Les coulisses du numérique



Une enquête faite récemment au Royaume Uni révèle qu’environ la moitié des enseignants n’utilisent que rarement les nouvelles technologies dans leurs classes. Ils se disent empêchés par un manque de formation : 49,3% s’en plaignent dans l’enseignement public et 43,9% dans l’enseignement privé. Le coût de ces technologies est évalué à 623 millions de livres sterling pour l’année en cours (soit une moyenne de 11 800 £ par école), autant dire que le rapport qualité /prix n’est pas au rendez-vous. Environ un tiers des enseignants interrogés est tout de même persuadé de l’efficacité de ces technologies pour l’amélioration des résultats quand elles sont utilisées correctement.
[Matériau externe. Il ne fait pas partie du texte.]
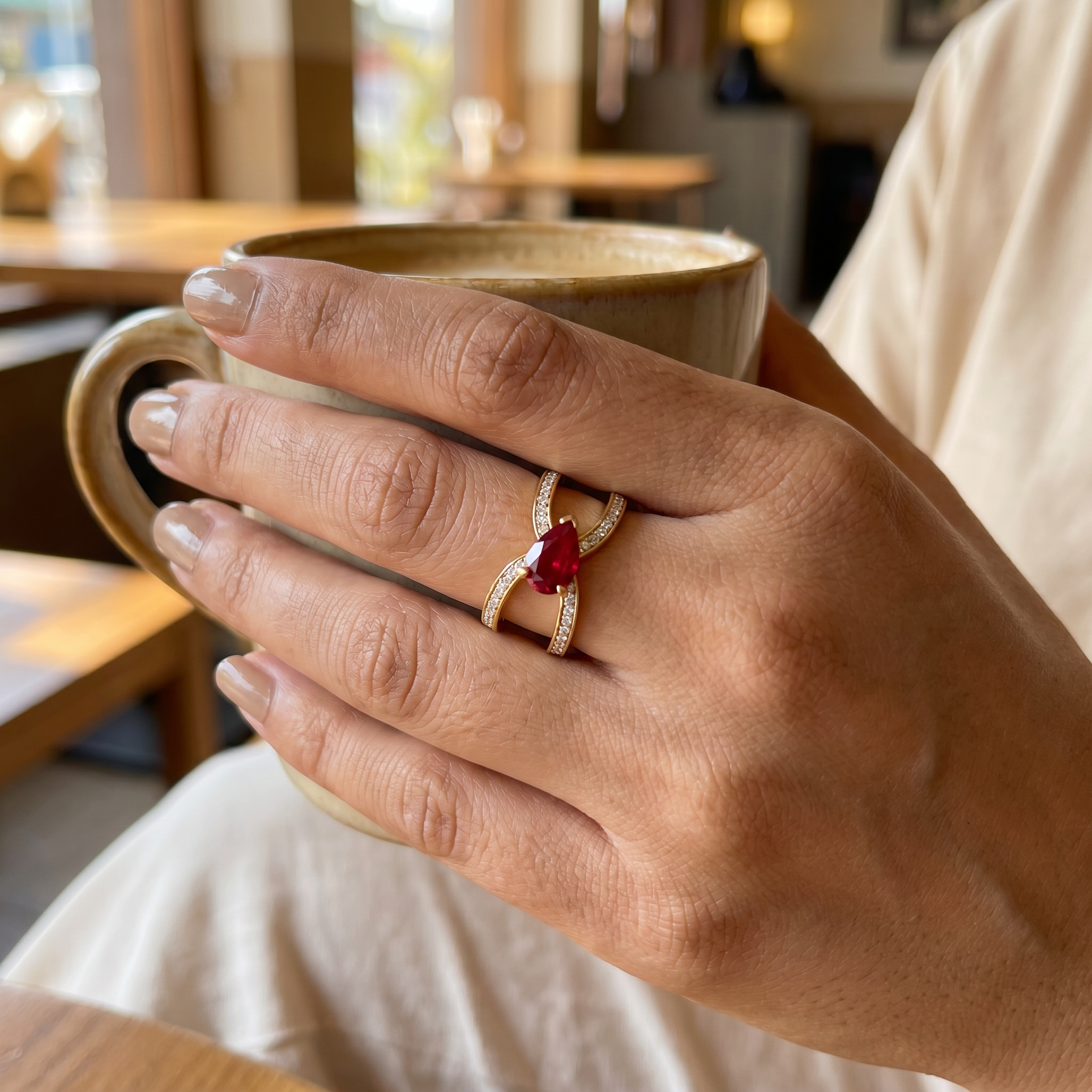 Ethereal Ruby Lab Grown Diamond Ring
Je pense qu’une enquête similaire en France aurait des résultats identiques. Au regard des slogans présentant les nouvelles technologies comme la panacée pour sauver l’école, et au regard des coûts engagés de manière inégale sur le territoire, il est légitime de s’interroger sur les pratiques réelles et sur les éventuels obstacles à leur pleine utilisation. 

Je ne milite pas pour « débrancher les écoles ». Car je pense que l’école doit utiliser tous les outils à sa disposition, dans la mesure où ceux-ci contribuent à faciliter les apprentissages et l’enseignement. Mais qu’il s’agisse d’un ordinateur, d’une tablette, d’un tableau interactif[1], ce ne sont que des outils. Ils n’ont en soi aucun pouvoir magique. Leurs limites sont celles de l’enseignant et de sa pratique pédagogique. Une pratique inefficace le restera même si la classe est équipée des dernières nouveautés technologiques. Il semblerait que ce principe de bon sens échappe encore à beaucoup, en particulier dans les nébuleuses sphères de l’Éducation Nationale. 

Personnellement, j’utilise en classe un tableau interactif qui est un outil très approprié à l’enseignement explicite et, après plusieurs années, le bilan est très positif. L’école dans laquelle je travaille est équipée d’ordinateurs et les élèves y ont eu jusqu’à maintenant un accès fréquent et régulier. 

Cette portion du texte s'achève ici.